ABOUT THIS TASK:
Starting with the first line and ending with the one that holds "Aquilea OnBalance Focus", retype the entries exactly.

**** MATERIAL SHOWN

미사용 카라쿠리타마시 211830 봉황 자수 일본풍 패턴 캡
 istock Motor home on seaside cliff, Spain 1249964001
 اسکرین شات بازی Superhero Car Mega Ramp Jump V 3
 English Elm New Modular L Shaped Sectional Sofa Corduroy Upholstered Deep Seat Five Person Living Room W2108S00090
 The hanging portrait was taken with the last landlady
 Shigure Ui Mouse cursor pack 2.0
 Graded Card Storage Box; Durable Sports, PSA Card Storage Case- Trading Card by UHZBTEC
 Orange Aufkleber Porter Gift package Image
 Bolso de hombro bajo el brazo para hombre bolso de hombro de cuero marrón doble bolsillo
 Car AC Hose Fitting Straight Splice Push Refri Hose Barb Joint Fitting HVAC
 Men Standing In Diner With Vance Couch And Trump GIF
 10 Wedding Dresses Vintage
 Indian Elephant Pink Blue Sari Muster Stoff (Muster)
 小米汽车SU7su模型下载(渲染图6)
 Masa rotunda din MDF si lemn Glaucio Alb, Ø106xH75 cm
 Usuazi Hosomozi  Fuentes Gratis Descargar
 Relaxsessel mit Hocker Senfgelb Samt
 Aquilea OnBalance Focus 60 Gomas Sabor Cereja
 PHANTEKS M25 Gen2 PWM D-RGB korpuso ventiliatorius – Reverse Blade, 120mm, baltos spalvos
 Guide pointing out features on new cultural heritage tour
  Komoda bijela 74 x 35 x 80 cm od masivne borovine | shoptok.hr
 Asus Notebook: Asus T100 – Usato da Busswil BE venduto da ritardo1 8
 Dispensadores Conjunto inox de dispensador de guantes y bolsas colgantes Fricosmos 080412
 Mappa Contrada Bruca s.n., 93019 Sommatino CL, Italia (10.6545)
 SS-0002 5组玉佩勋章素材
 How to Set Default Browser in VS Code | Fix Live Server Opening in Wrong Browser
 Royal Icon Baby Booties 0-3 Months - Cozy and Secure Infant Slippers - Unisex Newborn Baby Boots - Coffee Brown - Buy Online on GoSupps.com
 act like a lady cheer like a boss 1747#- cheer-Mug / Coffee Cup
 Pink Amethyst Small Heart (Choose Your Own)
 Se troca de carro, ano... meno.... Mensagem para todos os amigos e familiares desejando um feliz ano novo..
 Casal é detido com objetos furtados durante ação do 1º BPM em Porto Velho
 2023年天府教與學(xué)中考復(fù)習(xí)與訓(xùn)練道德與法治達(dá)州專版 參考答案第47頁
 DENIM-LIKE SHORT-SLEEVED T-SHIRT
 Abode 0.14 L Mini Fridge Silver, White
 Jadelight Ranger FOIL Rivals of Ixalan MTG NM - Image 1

********

REPLY:
미사용 카라쿠리타마시 211830 봉황 자수 일본풍 패턴 캡
 istock Motor home on seaside cliff, Spain 1249964001
 اسکرین شات بازی Superhero Car Mega Ramp Jump V 3
 English Elm New Modular L Shaped Sectional Sofa Corduroy Upholstered Deep Seat Five Person Living Room W2108S00090
 The hanging portrait was taken with the last landlady
 Shigure Ui Mouse cursor pack 2.0
 Graded Card Storage Box; Durable Sports, PSA Card Storage Case- Trading Card by UHZBTEC
 Orange Aufkleber Porter Gift package Image
 Bolso de hombro bajo el brazo para hombre bolso de hombro de cuero marrón doble bolsillo
 Car AC Hose Fitting Straight Splice Push Refri Hose Barb Joint Fitting HVAC
 Men Standing In Diner With Vance Couch And Trump GIF
 10 Wedding Dresses Vintage
 Indian Elephant Pink Blue Sari Muster Stoff (Muster)
 小米汽车SU7su模型下载(渲染图6)
 Masa rotunda din MDF si lemn Glaucio Alb, Ø106xH75 cm
 Usuazi Hosomozi  Fuentes Gratis Descargar
 Relaxsessel mit Hocker Senfgelb Samt
 Aquilea OnBalance Focus 60 Gomas Sabor Cereja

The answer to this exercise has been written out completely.